Federation vs Population Factors

It is often necessary to populate some portion of the MDRs' data into UCMDB instances. The balance of the data can be federated. The percentage of populated versus federated data is dependent on many factors such as:

  • Dynamic nature of the data. If the data in the MDR is updated frequently and the changes need to be visible to the user, then federation is preferred. Examples of this could include the failover of a Cluster Resource Group or the v-motion of a virtual machine. In these cases, the dynamic component is the relationship that connects the VM or CRG to the physical node or cluster node and only this data should be federated. It is not necessary to federate all the detailed data about the node, VM or CRG, only the reconciliation data for these entities and the relationship that connects them.
  • Importance of history. If you need to store history of dynamic data, then federation is not the correct approach as history is not captured for federated data. If the MDR can publish change events, consider migrating these change events into UCMDB via an integration infrastructure such as your organization's Enterprise Service Bus (ESB). The ESB integration component could use the UCMDB Java SDK to push the change events into UCMDB.
  • Size of the user group that consumes the data. If the user group that consumes the data via federated queries is large, the MDRs may be overloaded with too many queries. In this case, population of a higher percentage of the data is preferred.
  • Scope of federated queries and MDR response time.
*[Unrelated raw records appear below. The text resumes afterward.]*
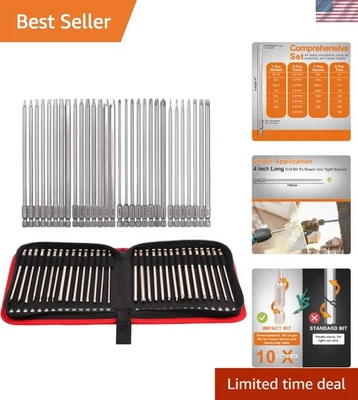 30-Piece 4-Inch S2 Alloy Steel Screwdriver Bit Set with Magnetic Tips for DIY - Image 1 of 4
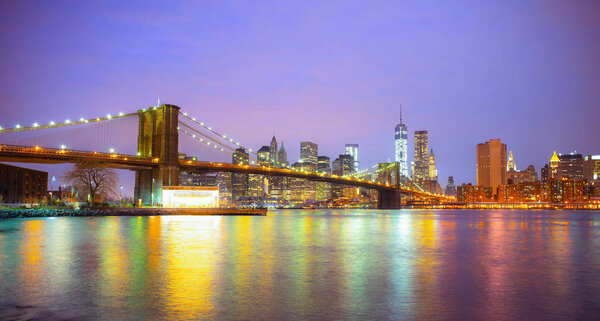 New York City skyline, With the Brooklyn Bridge, United States of America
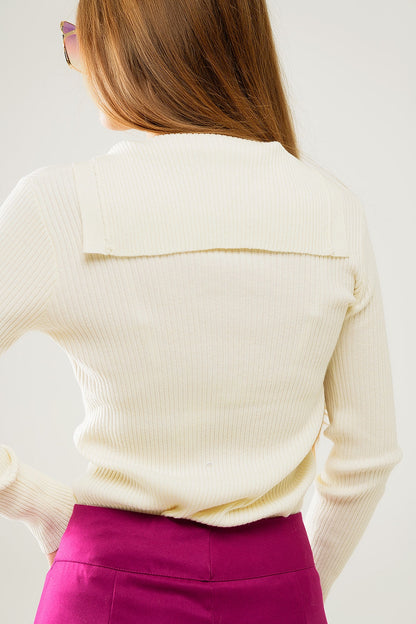 cream Collared Rib sweater With Long Sleeves Q2store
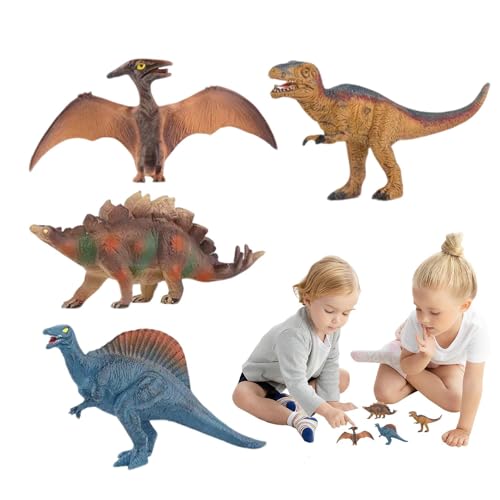 Dreuhuing Dinosaurierspielzeug für Kinder, Dinosaurierspielzeug,Packung von 4 tragbaren Dinosaurier -Figur -Modellen - Tierfiguren, Kuchen -, Ostereierfüller, Sammelminiaturen zum Geburtstag von Dreuhuing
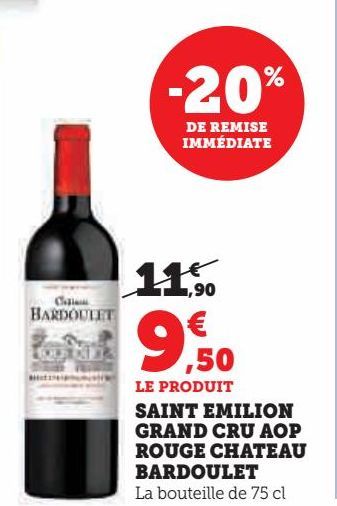 Saint Emilion grand Cru AOP rouge chateau Bardoulet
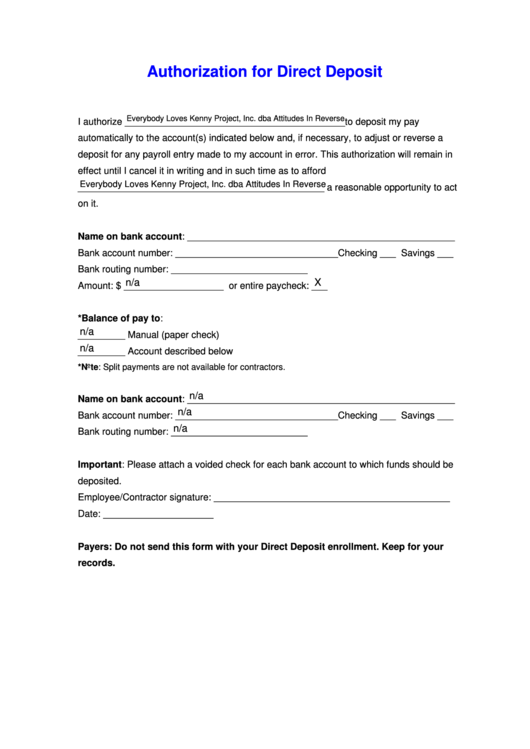 Fillable Direct Deposit Form Printable pdf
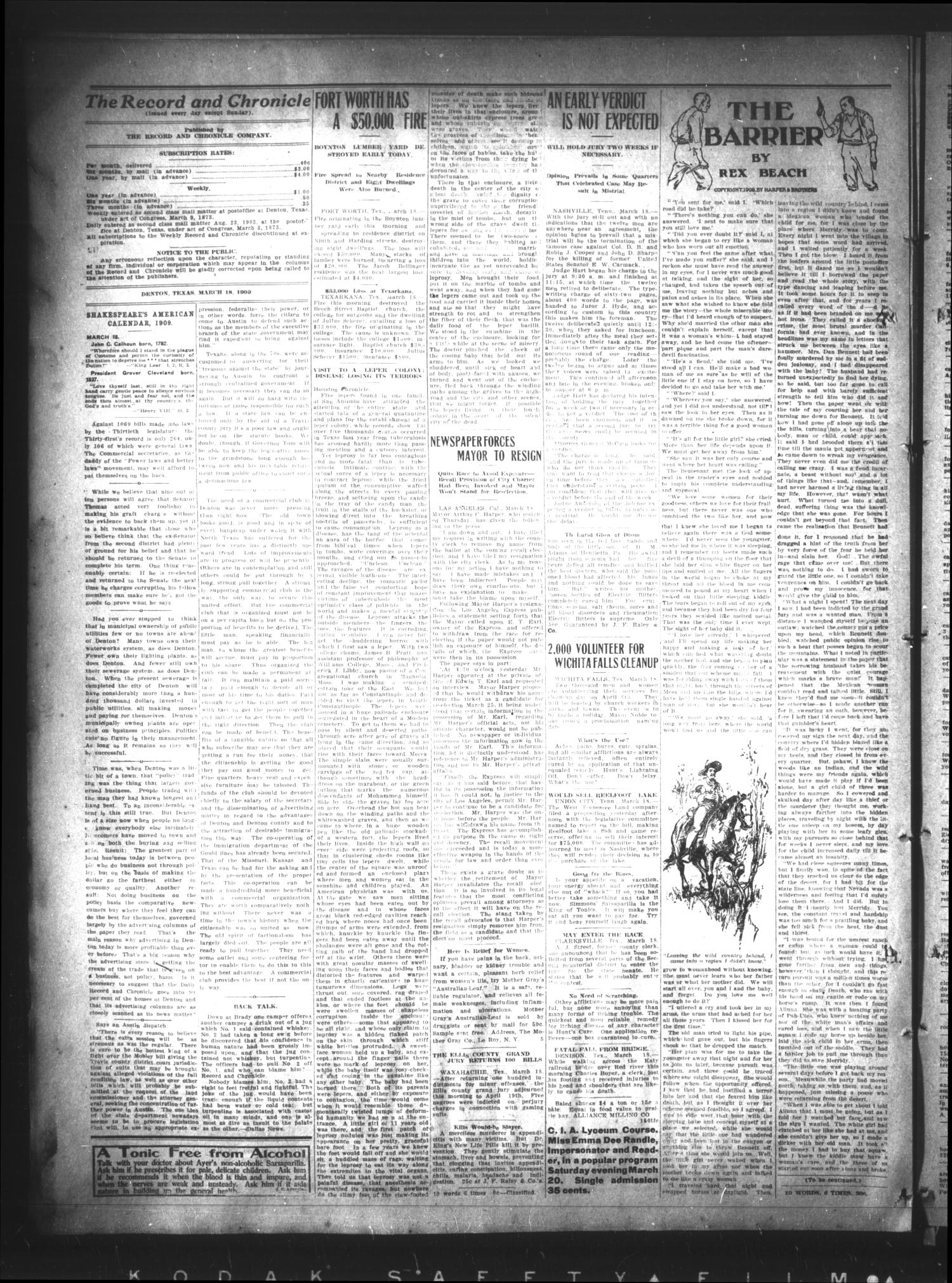 Record and Chronicle. (Denton, Tex.), Vol. 9, No. 185, Ed. 1 Thursday, March 18, 1909
                                                
                                                    [Sequence #]: 2 of 4
                                                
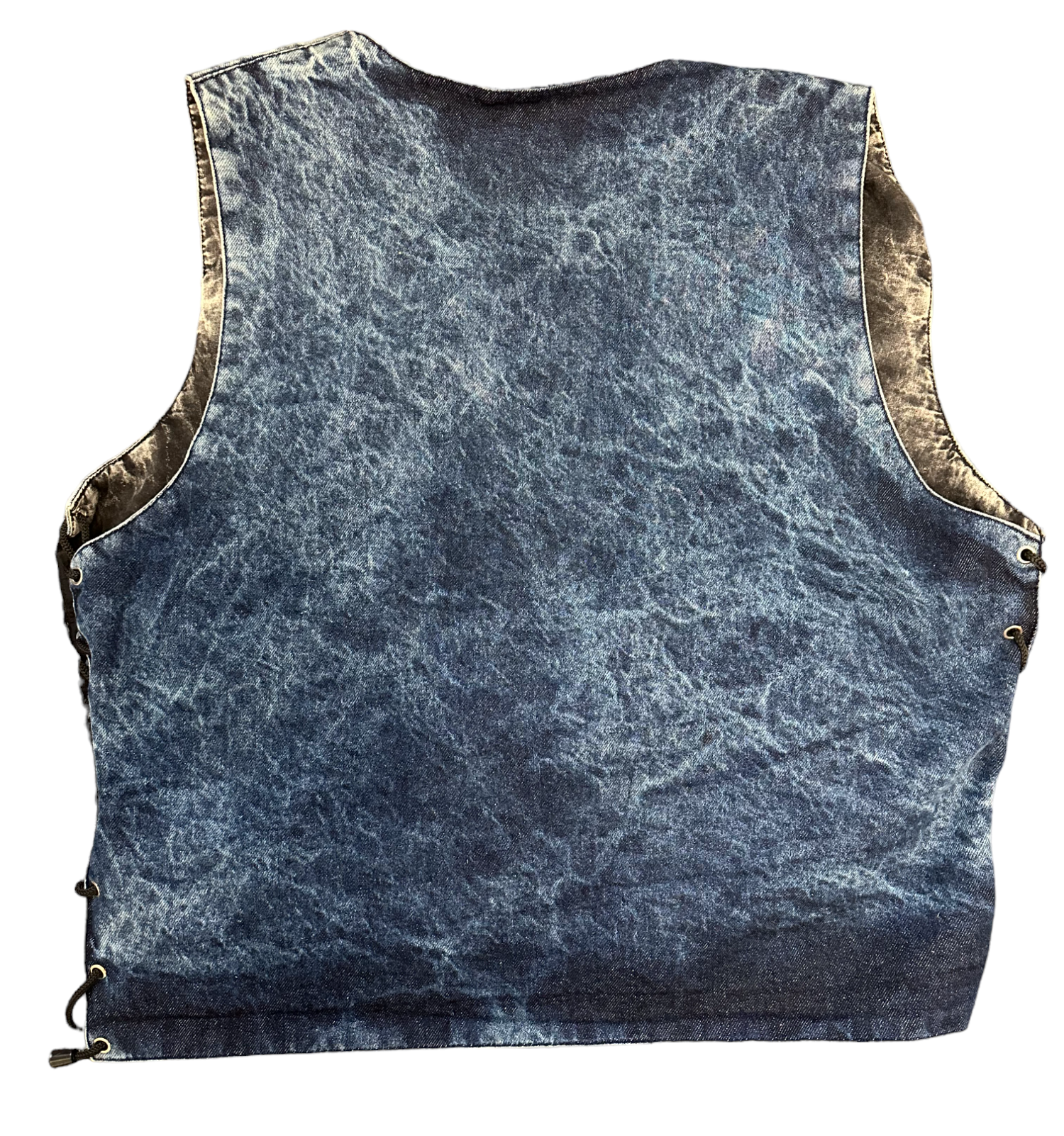 MEN'S BLUE DENIM VEST, STONE WASHED, CONCEALED CARRY POCKETS AND SINGLE PANEL BACK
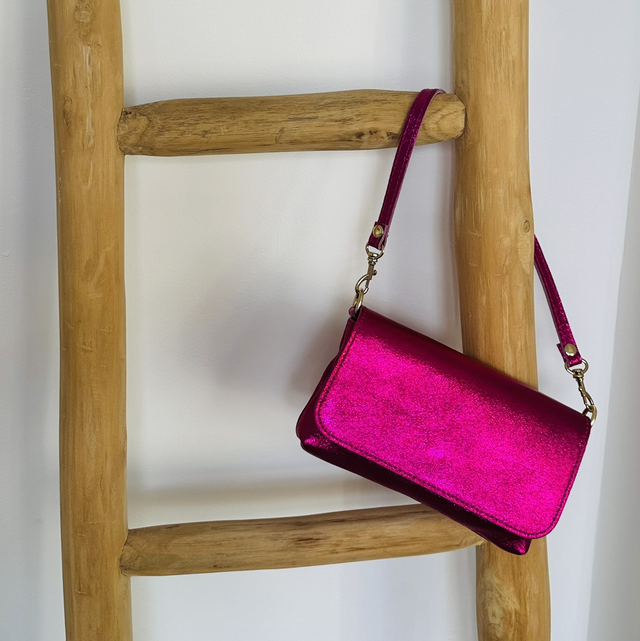 Tas donker roze glitter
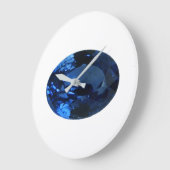 青王室のい楕円形サファイアブルー大時計 ラージ壁時計 (傾斜)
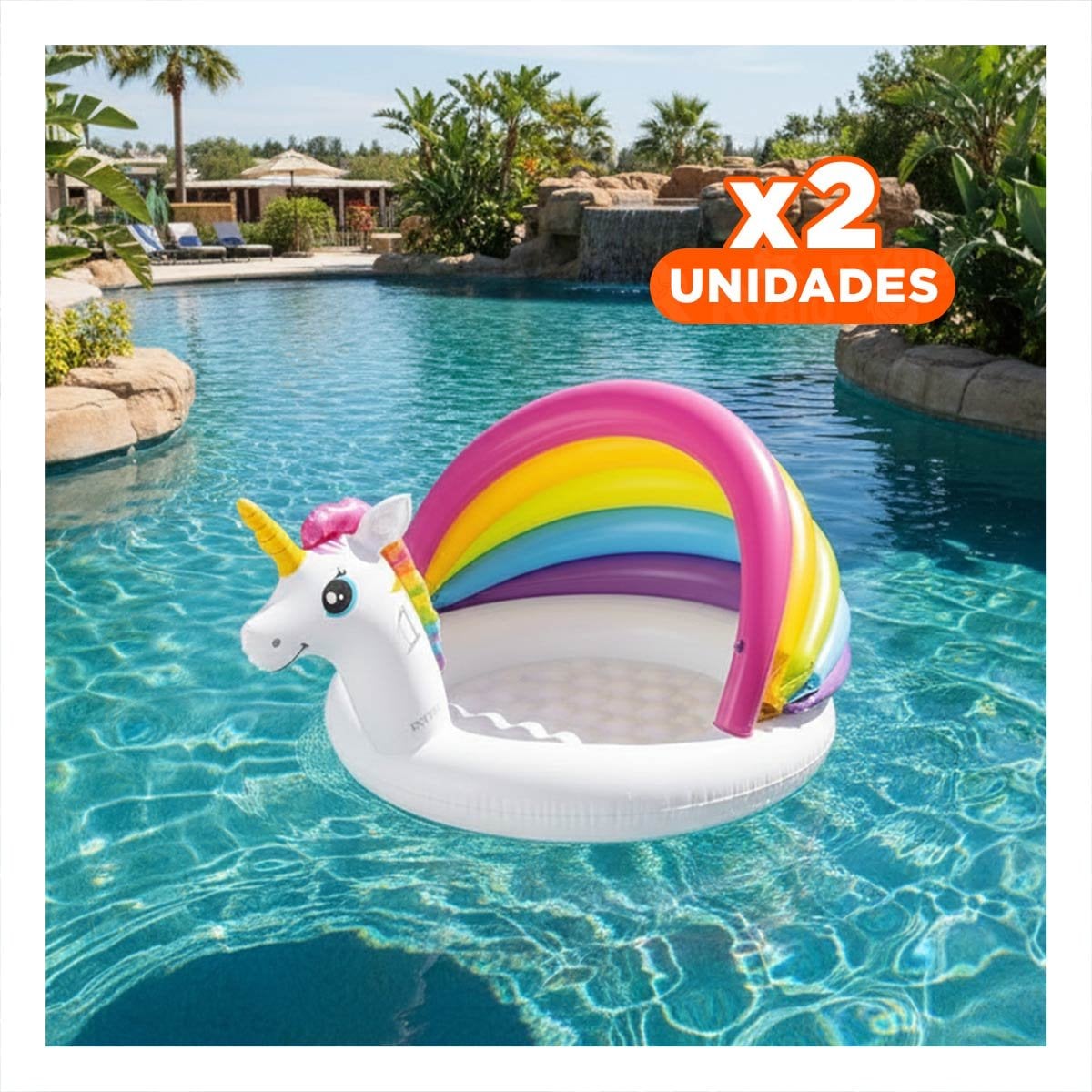 PACK2 ZONA DE AGUA BEBE UNICORNIO 1,27 X 1,02 X 69 CM INFLABLE PARA VERANO Y+REGALO STICKER - 1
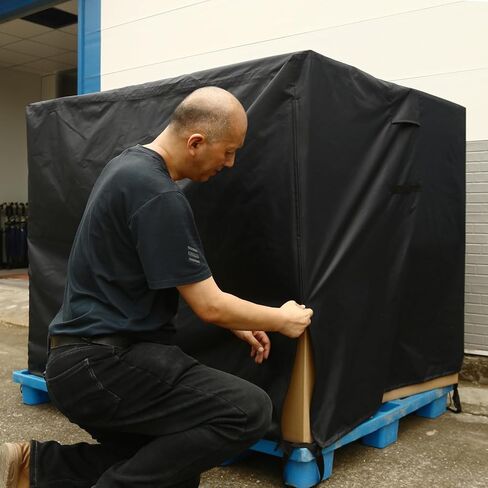 غطاء منصة نقالة مقاوم للماء، غطاء منصة نقالة بسحاب شديد التحمل 420D ليناسب المنصات حتى 48 بوصة × 42 بوصة × 48 بوصة مقاومة للماء والبقع والغبار وأغطية منصات الشحن مع حماية من الأشعة فوق البنفسجية باللون الأسود in Kuwait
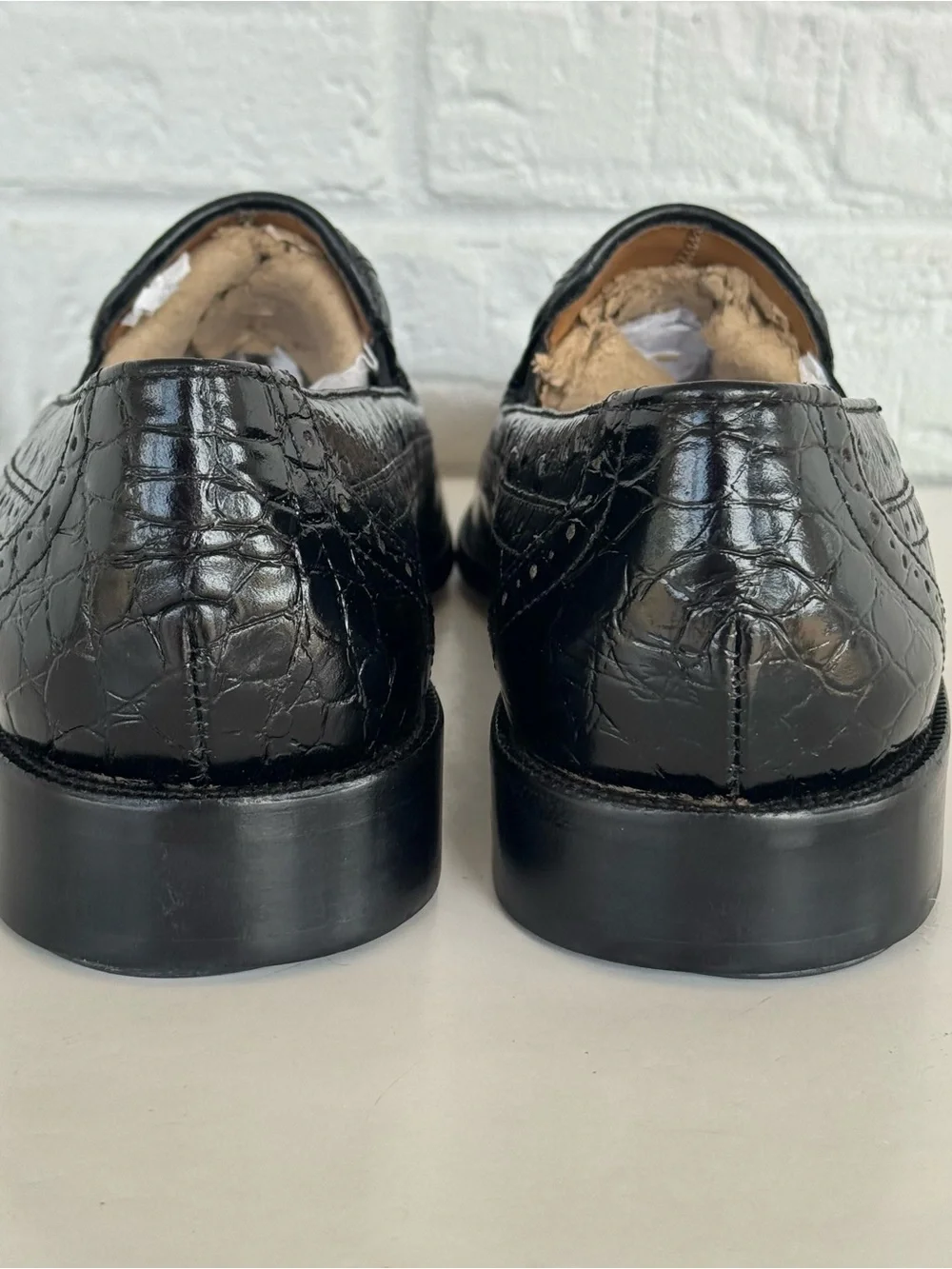 Stacy Adams Alligator Print Square Toe Loafers Men's 8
If a federated TQL query needs access to many data sources to execute, then the response time of the query may be long. Replication is preferred, especially when the MDR response time is slow.
  • High Availability of MDRs. If the MDRs are not highly available but the data they store is required for processes with HA requirements, then population is preferred because UCMDB is highly available. This is because if the data is federated and one MDR needed for the execution of a TQL query is not available, the UCMDB fails to return the query results even if other MDRs necessary for the query execution are available.
  • Network bandwidth. If frequent access to remote MDRs involves access via an expensive WAN, then the percentage of populated data from such MDRs should be increased.